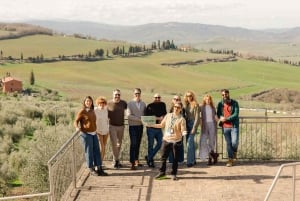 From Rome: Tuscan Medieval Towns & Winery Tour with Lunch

________________________________________

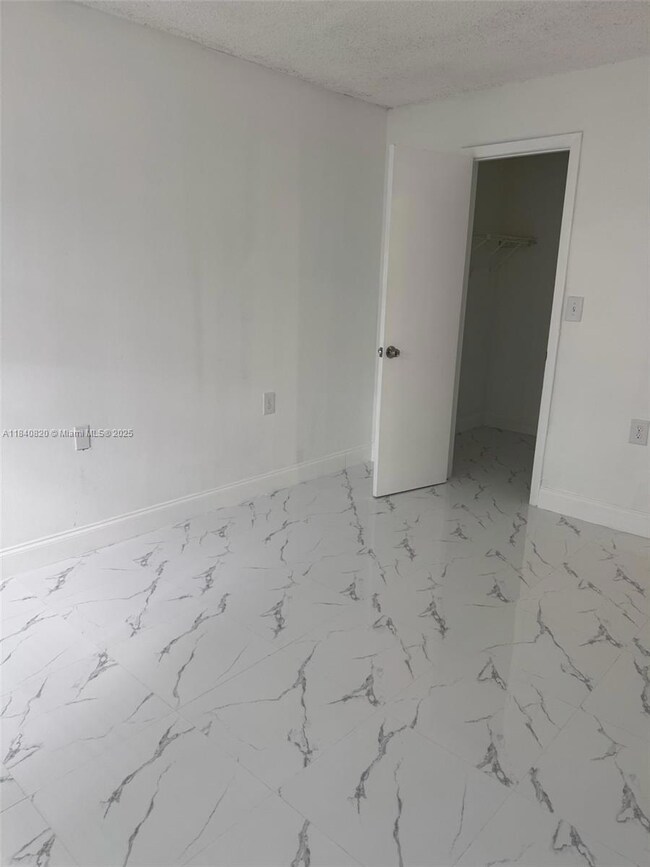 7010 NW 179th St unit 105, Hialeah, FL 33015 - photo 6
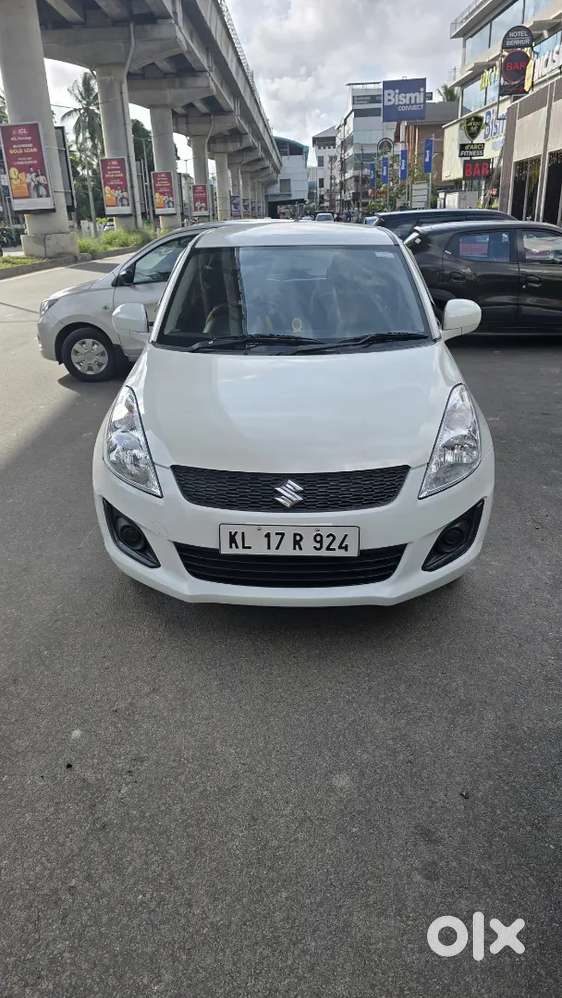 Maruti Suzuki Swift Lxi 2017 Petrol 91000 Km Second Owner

________________________________________

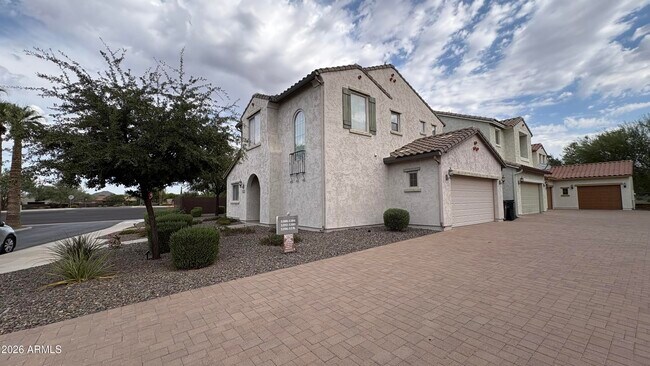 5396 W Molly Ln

________________________________________

Required work: Nothing outside the stretch above, from the line with "7010 NW 179th" through the line with "Maruti Suzuki Swift", is set down. Transcribe that stretch exactly, ends included, but not its pictures.

Result of the task:
 7010 NW 179th St unit 105, Hialeah, FL 33015 - photo 6
 Maruti Suzuki Swift Lxi 2017 Petrol 91000 Km Second Owner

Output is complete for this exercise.